Retirement & Financial Planning Report

Largely due to the economy, more workers expect to put off their retirement and for many of them the expected delay will be longer than previously expected, according to a study by the Employee Benefits Research Institute.

The report was the latest in a line of studies examining the impact on work patterns in light of losses in investments, home values and other setbacks of recent years concluding that a shift in retirement expectations has occurred and may not shift back anytime soon.

Nearly two-fifths of respondents to a survey said they expected to work up to five years longer than they previously had planned.

For example, a declining percentage of Americans are expect to retire at 62 and 65, two bellwether ages because the first is the earliest that Social Security benefits can be drawn after standard, optional retirement, and the second because it is the first eligibility age in Medicare in most cases. “In 2006, 7.4 percent of people said they plan to stop working at 62, but by 2010 it had dropped to 4.9 percent.
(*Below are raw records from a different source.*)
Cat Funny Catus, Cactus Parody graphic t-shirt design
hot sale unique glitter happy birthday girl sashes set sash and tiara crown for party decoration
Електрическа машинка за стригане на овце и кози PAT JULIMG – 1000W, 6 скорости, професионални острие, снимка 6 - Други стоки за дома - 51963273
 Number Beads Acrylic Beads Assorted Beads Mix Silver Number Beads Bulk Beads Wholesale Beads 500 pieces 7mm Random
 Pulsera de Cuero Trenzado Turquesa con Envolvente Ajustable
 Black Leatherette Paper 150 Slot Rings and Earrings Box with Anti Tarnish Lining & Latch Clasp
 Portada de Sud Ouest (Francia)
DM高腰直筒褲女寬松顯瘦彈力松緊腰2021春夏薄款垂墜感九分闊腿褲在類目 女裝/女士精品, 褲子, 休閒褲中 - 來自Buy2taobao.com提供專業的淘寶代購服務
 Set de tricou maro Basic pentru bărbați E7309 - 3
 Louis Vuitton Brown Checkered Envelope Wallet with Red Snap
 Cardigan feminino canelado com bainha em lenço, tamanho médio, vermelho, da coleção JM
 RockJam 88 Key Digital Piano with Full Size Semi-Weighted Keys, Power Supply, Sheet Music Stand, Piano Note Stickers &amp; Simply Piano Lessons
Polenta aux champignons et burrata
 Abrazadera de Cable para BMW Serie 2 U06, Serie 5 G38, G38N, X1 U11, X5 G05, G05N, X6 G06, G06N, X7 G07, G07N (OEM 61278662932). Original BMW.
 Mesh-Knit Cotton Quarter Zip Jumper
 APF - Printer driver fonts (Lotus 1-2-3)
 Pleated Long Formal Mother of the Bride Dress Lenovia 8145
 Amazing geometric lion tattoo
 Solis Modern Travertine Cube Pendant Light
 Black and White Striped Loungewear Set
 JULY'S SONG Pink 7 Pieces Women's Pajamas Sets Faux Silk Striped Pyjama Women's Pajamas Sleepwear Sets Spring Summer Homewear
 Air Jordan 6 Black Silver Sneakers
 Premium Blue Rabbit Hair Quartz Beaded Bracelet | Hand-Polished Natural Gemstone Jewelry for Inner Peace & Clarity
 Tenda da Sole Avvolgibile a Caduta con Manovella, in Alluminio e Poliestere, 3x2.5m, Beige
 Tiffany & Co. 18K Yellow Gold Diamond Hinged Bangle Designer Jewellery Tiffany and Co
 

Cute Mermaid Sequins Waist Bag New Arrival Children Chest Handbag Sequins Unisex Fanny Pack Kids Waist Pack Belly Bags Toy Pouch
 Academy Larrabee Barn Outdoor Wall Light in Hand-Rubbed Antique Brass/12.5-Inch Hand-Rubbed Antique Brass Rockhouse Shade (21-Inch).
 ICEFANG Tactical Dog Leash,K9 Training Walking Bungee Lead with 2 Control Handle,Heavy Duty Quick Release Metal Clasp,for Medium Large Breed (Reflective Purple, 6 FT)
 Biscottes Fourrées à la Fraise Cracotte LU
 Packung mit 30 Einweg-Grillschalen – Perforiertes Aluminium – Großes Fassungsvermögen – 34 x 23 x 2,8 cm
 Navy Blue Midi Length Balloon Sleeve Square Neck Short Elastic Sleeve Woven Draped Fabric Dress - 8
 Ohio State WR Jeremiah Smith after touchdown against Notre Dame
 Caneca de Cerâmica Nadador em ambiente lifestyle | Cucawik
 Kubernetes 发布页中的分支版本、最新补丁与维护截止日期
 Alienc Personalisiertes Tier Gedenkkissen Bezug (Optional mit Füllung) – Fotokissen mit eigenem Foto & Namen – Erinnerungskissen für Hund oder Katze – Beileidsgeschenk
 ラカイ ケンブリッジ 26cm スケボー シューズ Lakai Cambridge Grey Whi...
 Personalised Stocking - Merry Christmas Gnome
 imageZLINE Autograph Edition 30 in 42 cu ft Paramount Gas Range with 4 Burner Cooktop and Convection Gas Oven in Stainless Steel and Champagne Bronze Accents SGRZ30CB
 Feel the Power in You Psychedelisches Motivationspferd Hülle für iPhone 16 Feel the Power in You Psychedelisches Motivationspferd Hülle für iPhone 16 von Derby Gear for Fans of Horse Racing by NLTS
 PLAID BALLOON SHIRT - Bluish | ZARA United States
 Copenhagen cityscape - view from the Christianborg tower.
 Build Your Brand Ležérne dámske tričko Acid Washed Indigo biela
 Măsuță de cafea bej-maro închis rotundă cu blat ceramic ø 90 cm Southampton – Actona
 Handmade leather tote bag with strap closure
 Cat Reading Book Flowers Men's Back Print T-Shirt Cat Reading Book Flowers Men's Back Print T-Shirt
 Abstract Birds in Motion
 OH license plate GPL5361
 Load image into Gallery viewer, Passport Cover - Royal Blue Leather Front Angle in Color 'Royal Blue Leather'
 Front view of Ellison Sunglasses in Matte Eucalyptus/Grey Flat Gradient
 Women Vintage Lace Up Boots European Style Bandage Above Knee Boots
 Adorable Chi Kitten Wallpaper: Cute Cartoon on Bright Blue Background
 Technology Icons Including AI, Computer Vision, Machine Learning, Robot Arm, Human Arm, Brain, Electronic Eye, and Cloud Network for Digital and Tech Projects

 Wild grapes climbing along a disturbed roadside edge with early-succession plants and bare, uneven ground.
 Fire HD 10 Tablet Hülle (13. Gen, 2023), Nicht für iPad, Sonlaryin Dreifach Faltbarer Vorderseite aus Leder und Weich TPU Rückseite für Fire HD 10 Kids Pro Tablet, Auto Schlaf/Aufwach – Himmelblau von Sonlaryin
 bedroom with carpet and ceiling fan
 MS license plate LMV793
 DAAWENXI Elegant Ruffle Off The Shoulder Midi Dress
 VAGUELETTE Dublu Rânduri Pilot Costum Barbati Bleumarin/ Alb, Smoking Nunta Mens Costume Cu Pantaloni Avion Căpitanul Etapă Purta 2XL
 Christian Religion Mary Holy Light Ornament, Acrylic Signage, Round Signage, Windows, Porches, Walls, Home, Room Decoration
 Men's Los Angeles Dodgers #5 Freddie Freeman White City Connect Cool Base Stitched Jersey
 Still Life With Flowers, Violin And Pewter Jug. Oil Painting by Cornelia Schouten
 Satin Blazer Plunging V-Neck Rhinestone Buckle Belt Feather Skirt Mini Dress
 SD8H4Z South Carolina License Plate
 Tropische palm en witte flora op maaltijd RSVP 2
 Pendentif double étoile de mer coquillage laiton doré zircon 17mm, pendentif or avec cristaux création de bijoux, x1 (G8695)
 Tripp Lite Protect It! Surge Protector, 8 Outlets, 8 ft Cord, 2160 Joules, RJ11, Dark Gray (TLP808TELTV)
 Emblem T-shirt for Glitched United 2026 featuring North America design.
In 2006, 16.1 percent people expected to retire at 65, but in 2010, 14.6 percent planned to do so. Conversely, expected retirement at 66 has increased from 2.9 percent in 2006 to 4 percent in 2010,” the report said.

Similarly, in 2006, only 4.3 percent said they expected to continue working until age 75 and only 1.7 percent until age 80, but in the most recent study those numbers jumped to 7 and 5.2 percent, respectively.

“While the rising age of expected retirement may reflect a growing and welcome awareness of economic and fiscal reality among Americans workers (especially at a time of rising longevity), other research indicates many of them will be unable to actually delay their retirement,” the study warned. It cited research showing that people may need to retire earlier than they had been prepared for due to changes such as personal health or disability, downsizing and other changes at their employer, and needing to care for a family member.